Efforts to expedite the resolution of Wet’suwet’en rights and title – something pursued with a sense of urgency by the province – no longer seem so urgent.

The Office of the Wet’suwet’en has shut down, proposed clan meetings have been postponed and protesters who had been occupying protest camps have been quiet for the last three weeks. The Ministry of Indigenous Relations and Reconciliation confirmed it expects ratification of the rights and title offer to be delayed.

Announcements on various funding initiatives under CleanBC in 2020 are being postponed, according to the Ministry of Environment.

“While there is a significant amount of work ongoing to support CleanBC, the province has temporarily postponed most public announcements at this time while the focus remains on the government’s COVID-19 action plan and protecting public health and safety,” the ministry said.

Regulators like the BC Environmental Assessment Office (BC EAO) and the BC Utilities Commission (BCUC) confirm that workshops, open houses and public hearings on a number of projects going through reviews are being postponed.

The early engagement process for the proposed $3 billion expansion of the Tilbury Island LNG plant, which just entered the BC EAO review process at the beginning of March, is being delayed by 90 days, for example.

A review of BC Hydro’s revenue requirements is just one of many processes being delayed by the BCUC. BC Hydro’s revenues will undoubtedly take a hit, as the provincial government orders the utility to offer a range of payment deferrals to customers facing hardship.

And with the provincial government now facing a dramatic drop in tax revenue and a new $5 billion hole in its budget for emergency programs to cope with the COVID-19 crisis, there are now serious questions about projects that were to move forward this year or next getting put on the back burner.

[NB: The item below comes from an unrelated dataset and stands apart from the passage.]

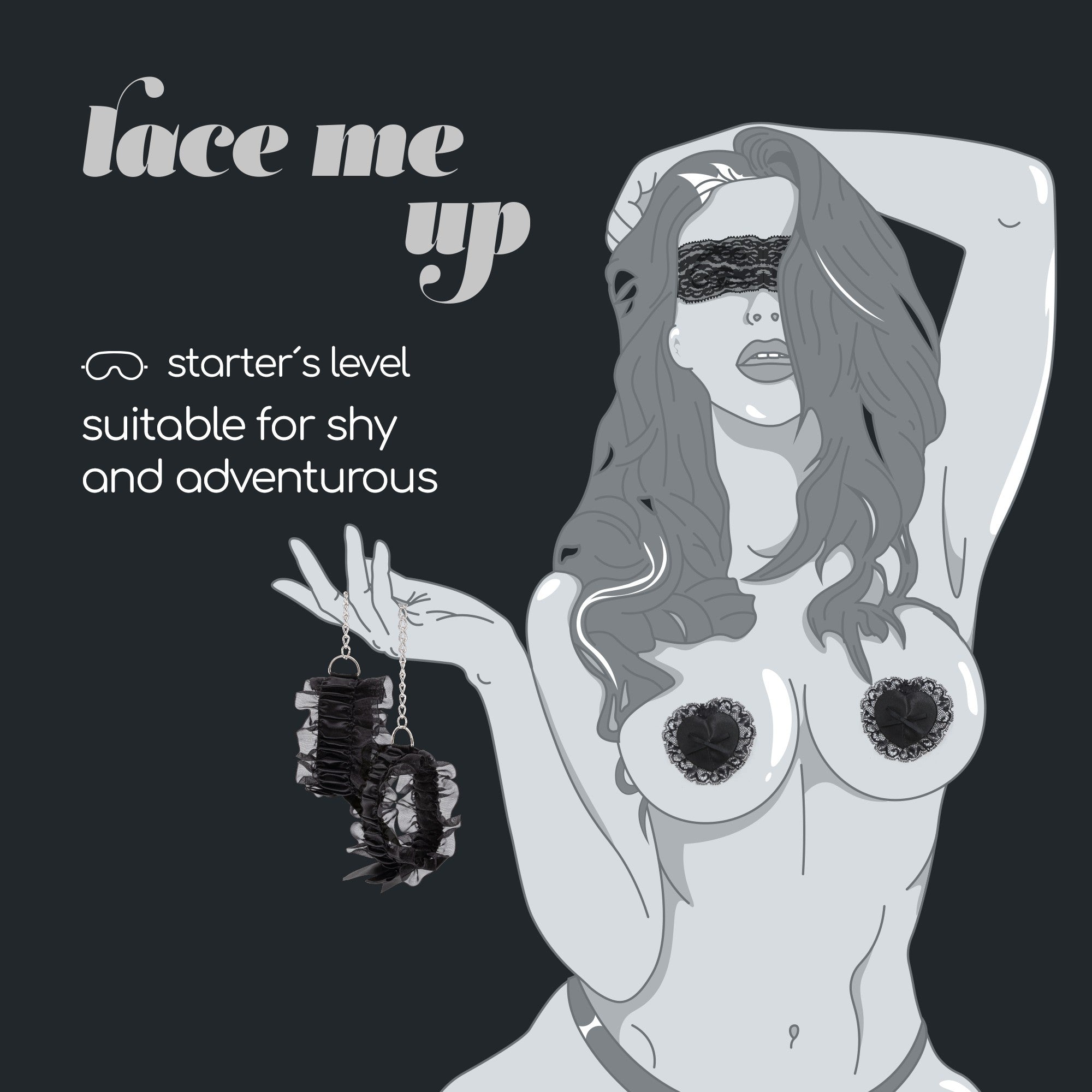 kit bondage lace me up nero crushious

Surrey Board of Trade CEO Anita Huberman fears projects important to Surrey, like the $3 billion Surrey-Langley SkyTrain project, could fall off the planning calendar.

TransLink was expected to give final approval to the project this summer, with a construction start in 2022. Huberman fears both the provincial and federal governments will be too cash-strapped to proceed with those types of big-ticket projects.